Monday, January 09, 2012

Rain drops in the desert

Rain doesn't usually fall in a desert. By definition a desert receives less than ten inches of rain a year. Deserts are dry and dusty places, void of life and beauty (at least to the casual observer). But, deserts hold their own unique beauty. And when rains fall, deserts spring to life; flowers bloom, grasses grow, cacti swell to unimaginable sizes. Desert dwellers know how to make the most of rain drops in the desert.

Because deserts are arid places, the natural flora and fauna are prepared for dry times. They must be, or they will die. Some plants sink roots down (sometimes several feet) to tap into deeply buried underground aquifers. Other plants have adapted in more creative and resourceful ways. Peoples native to arid lands know all the tricks for finding water in less-than-obvious places. The desert is, for them, a comfortable and welcoming home.

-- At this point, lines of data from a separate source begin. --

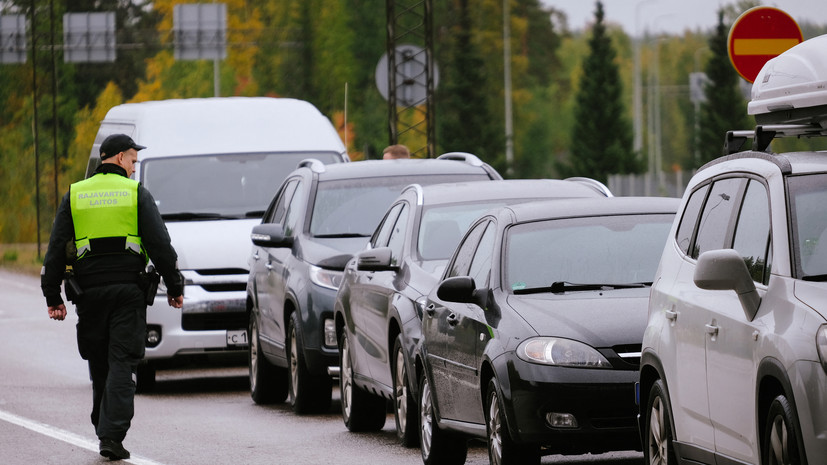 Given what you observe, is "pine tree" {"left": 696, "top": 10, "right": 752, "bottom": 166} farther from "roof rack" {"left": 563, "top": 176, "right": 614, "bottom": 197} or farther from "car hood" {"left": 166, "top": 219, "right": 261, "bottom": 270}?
"roof rack" {"left": 563, "top": 176, "right": 614, "bottom": 197}

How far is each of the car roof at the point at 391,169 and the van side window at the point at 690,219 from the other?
23.7 feet

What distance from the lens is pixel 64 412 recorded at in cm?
1505

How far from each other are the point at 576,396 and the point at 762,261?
7.68ft

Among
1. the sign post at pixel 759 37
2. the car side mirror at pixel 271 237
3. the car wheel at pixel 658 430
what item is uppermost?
the sign post at pixel 759 37

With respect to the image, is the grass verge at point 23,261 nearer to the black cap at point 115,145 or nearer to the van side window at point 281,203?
the van side window at point 281,203

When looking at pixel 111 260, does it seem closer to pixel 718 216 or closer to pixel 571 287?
pixel 571 287

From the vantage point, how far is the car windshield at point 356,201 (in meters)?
15.5

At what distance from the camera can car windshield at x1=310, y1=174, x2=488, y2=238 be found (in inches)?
610

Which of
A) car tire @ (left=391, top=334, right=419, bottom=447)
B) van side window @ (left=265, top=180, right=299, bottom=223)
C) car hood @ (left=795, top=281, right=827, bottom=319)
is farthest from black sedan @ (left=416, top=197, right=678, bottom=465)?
van side window @ (left=265, top=180, right=299, bottom=223)

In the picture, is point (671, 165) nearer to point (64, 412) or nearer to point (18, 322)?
point (18, 322)

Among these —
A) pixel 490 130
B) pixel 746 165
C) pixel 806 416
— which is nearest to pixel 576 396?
pixel 746 165

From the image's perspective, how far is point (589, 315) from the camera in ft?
32.2

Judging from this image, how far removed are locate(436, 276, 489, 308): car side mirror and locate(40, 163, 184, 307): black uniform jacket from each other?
7.87 ft

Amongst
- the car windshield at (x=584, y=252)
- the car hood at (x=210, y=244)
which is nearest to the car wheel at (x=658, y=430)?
the car windshield at (x=584, y=252)
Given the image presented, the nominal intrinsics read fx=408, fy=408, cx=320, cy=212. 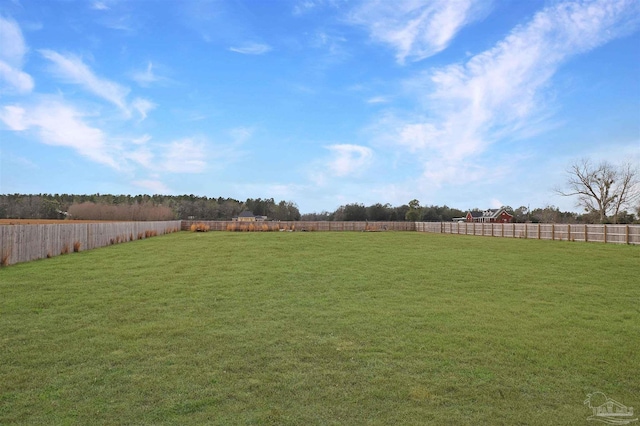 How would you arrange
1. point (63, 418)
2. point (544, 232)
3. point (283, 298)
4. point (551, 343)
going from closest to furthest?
1. point (63, 418)
2. point (551, 343)
3. point (283, 298)
4. point (544, 232)

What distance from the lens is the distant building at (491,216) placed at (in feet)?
189

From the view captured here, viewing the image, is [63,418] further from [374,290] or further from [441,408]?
[374,290]

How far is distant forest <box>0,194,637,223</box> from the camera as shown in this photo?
60.3 m

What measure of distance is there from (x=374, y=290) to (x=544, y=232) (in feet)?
71.2

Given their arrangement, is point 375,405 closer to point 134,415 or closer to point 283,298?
point 134,415

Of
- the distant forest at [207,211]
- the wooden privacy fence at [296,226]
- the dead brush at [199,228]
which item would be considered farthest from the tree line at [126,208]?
the dead brush at [199,228]

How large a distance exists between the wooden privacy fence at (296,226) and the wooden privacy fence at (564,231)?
12.1m

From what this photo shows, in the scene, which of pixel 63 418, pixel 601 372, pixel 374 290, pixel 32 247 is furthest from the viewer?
pixel 32 247

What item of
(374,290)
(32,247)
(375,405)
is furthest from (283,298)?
(32,247)

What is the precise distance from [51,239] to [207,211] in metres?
80.4

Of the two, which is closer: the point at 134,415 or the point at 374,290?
the point at 134,415

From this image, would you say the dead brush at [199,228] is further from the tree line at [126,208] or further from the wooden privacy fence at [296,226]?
the tree line at [126,208]

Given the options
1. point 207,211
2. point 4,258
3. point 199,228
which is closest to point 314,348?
point 4,258

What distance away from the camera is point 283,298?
810 centimetres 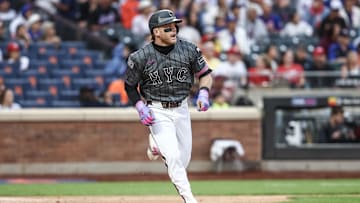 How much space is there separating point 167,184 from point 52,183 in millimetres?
1874

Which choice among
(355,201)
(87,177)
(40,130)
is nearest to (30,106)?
(40,130)

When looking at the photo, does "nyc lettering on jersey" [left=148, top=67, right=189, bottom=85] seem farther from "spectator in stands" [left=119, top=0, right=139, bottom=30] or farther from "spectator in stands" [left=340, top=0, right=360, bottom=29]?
"spectator in stands" [left=340, top=0, right=360, bottom=29]

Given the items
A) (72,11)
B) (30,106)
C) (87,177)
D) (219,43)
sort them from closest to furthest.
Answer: (87,177) < (30,106) < (219,43) < (72,11)

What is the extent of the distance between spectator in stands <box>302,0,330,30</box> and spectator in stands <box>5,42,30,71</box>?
600 cm

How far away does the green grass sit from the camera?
456 inches

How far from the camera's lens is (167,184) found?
1415cm

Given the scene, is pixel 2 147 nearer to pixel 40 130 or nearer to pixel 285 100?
pixel 40 130

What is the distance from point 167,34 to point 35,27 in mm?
9933

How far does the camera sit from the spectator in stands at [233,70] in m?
16.9

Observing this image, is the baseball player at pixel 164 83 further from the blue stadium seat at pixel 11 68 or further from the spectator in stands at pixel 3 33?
the spectator in stands at pixel 3 33

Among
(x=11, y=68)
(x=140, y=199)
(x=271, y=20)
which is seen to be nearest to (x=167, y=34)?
(x=140, y=199)

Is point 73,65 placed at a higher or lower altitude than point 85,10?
lower

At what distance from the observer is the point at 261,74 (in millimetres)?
16859

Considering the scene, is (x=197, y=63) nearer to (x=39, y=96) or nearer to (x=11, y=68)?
(x=39, y=96) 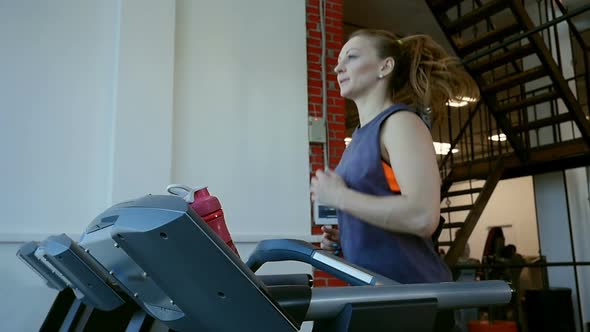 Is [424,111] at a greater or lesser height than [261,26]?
lesser

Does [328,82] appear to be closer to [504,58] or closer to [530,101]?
[504,58]

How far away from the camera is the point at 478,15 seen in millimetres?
5176

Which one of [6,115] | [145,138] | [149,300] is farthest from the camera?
[145,138]

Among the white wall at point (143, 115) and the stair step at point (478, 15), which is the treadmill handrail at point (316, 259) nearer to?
the white wall at point (143, 115)

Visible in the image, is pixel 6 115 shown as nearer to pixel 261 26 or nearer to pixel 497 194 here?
pixel 261 26

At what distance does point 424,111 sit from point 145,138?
2.03 metres

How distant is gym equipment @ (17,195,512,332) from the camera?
2.05ft

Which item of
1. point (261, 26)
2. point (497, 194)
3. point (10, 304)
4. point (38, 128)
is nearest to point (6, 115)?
point (38, 128)

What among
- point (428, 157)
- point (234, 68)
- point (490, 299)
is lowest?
point (490, 299)

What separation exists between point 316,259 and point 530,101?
4957 millimetres

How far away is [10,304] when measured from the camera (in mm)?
2654

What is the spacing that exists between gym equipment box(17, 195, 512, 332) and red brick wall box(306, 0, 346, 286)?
2.52 metres

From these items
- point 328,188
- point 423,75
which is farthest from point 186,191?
point 423,75

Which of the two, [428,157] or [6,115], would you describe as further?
[6,115]
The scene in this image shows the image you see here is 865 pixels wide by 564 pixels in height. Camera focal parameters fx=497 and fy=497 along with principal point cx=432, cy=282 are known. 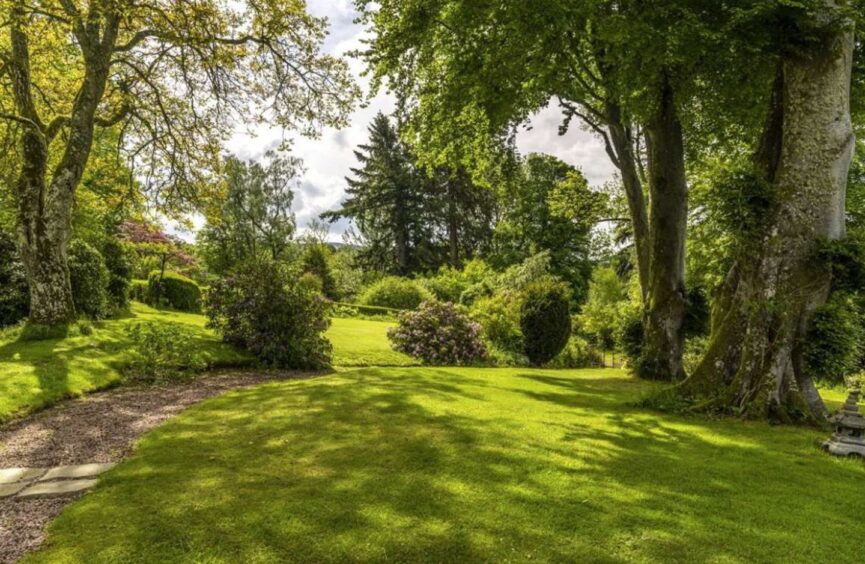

Christians tend to be surprised by deserts. To store up water in anticipation of days without rain or long periods of dryness does not come naturally. Instead of sinking roots down deep, or learning how to find water in unexpected places, discouragement, even frustration marks our journey. How easy it is to miss out on the blessings and beauty such an experience can provide.

As my sojourn in the desert continues, God is beginning to open my eyes to some of the treasures in this seemingly barren land. Like a plant who has learned to store water in anticipation of long periods without rain, I am learning to embrace my sandy home. It is not what I have chosen (or even desired), but it is where I have been "planted." Now we'll see if I can bloom.